Running DC/OS on AWS EC2 Advanced

Creating and extending DC/OS clusters with AWS CloudFormation templates

You can create and extend DC/OS clusters with AWS CloudFormation templates. The advanced templates are:

  • Highly customizable
  • Composable; for example, you can deploy multiple agent pools to a single cluster
  • Complicated; more setup work is required

The advanced AWS CloudFormation templates bring power and flexibility to creating and extending DC/OS clusters.
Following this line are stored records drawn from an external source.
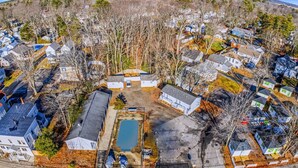 Front of property - Marvin Gardens Motel (Old Orchard Beach)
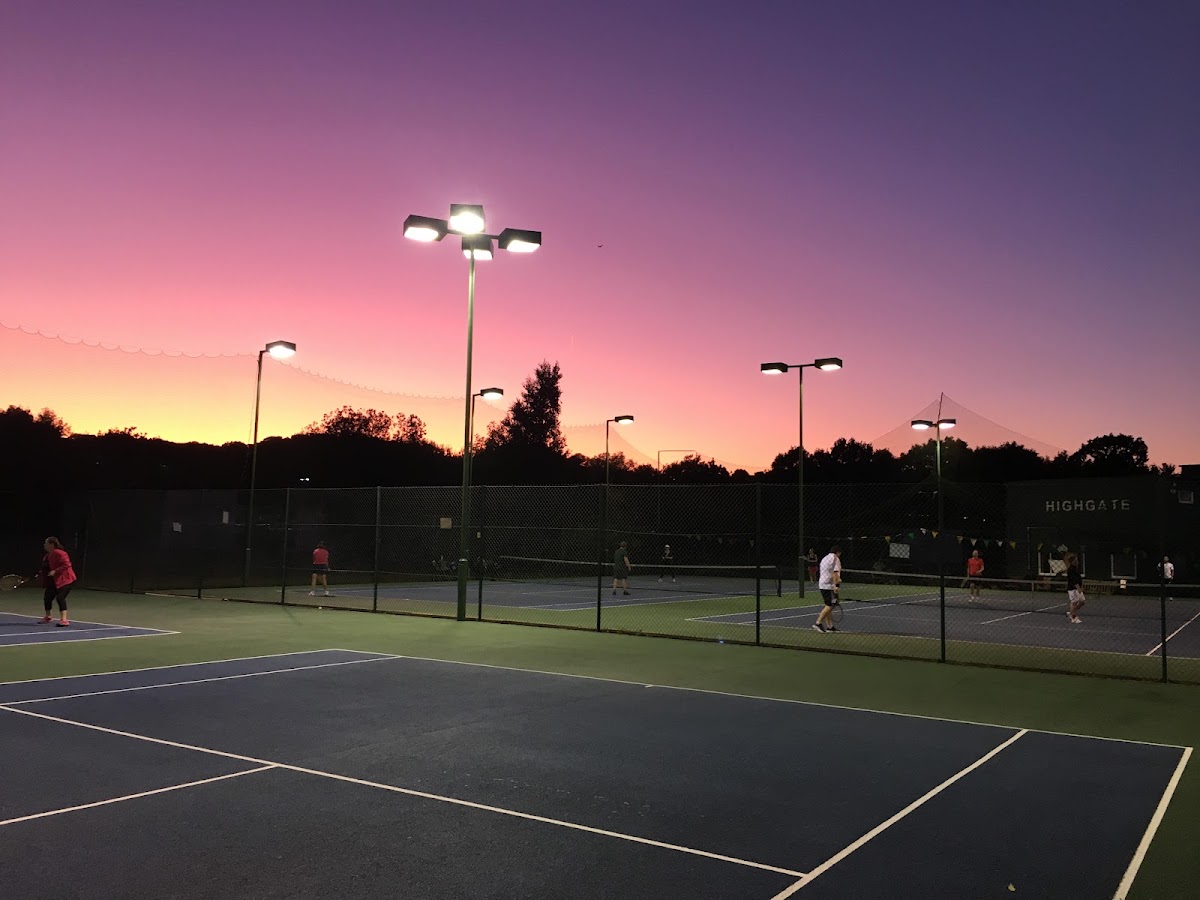 Highgate Cricket and Lawn Tennis Club - Photo 3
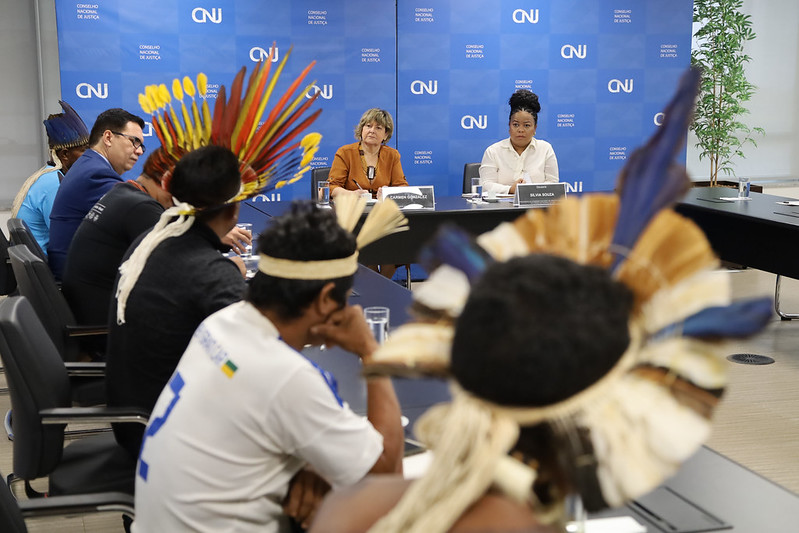 Reunião na sede do CNJ com representantes de lideranças indígenas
With these templates you can choose from the complete set of DC/OS configuration options.

  • Instantiate a complete DC/OS cluster on an existing VPC/Subnet combination.
  • Extend and update existing DC/OS clusters by adding more agent nodes.

The templates are used together to create a DC/OS cluster. The templates are driven by parameters that AWS CloudFormation uses to create each stack.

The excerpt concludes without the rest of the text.